Weitere Taktanpassungen (Auswahl)
Zahlreiche weitere Linien erhalten schlechtere Takte oder Streckenkürzungen, darunter die Linien 57, 62/63, 139, 143, 145, 150, 151, 162, 164, 173, 180/181 und 185. Die Linien 174 und 179 werden ganz eingestellt; ihre Abschnitte übernehmen die Linien 171 bzw. 172. Eine der wenigen Verbesserungen: Linie 135 fährt samstags künftig im 10-Minuten-Takt statt bisher 20 Minuten. Die Linien 180/181/182 im Bereich Am Hart – Neufreimann – Kieferngarten werden neu strukturiert, um das östliche Freimann besser anzubinden; Linie 182 erhält ab September 2027 eine Angebotsausweitung für das Gymnasium Neufreimann.
Quellen
- Fahrplan 2027 – Anpassungsprogramm (Präsentation für die Bezirksausschüsse)

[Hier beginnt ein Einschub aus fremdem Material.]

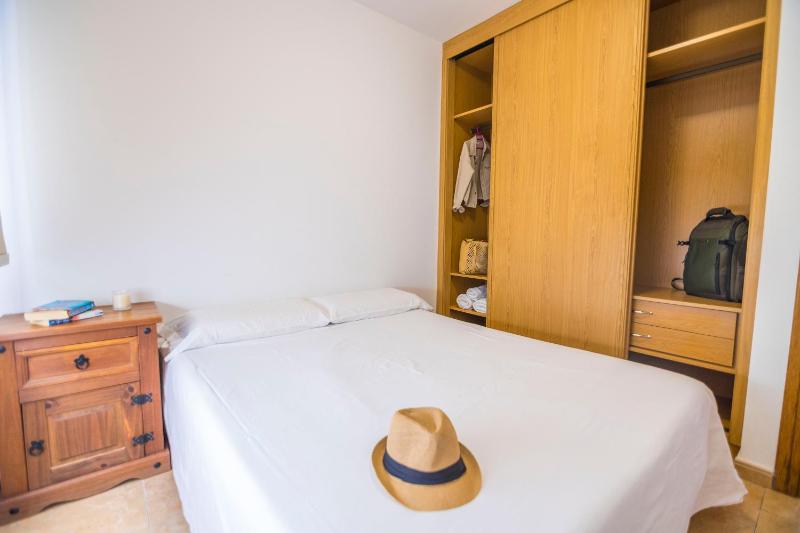 Standard Apartment image 3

- tz.de (Julian Limmer, 2. Juni 2026): 14 Millionen Euro fehlen: MVG nimmt deutliche Änderungen an Fahrplan in München vor
- Süddeutsche Zeitung (Andreas Schubert, 2. Juni 2026): Wie die MVG Millionen einsparen will
- tramreport.de (2. Juni 2026): MVG-Fahrplan 2027: Umfassende Sparmaßnahmen geplant
Wo, soll das bei der MVG zu sehen sein?
MVG (Mai 2026): Fahrplan 2027 – Anpassungsprogramm (Präsentation für die Bezirksausschüsse)
Der erste Link (oben) ist nicht vorhanden, sondern führt auf die Startseite der MVG. Kann man die Präsentation für die Bezirksausschüsse trotzdem irgenwie bekommen?
Stimmt, den Link habe ich entfernt, der führte ins nichts. Die Präsentation ist allerdings nicht öffentlich verfügbar.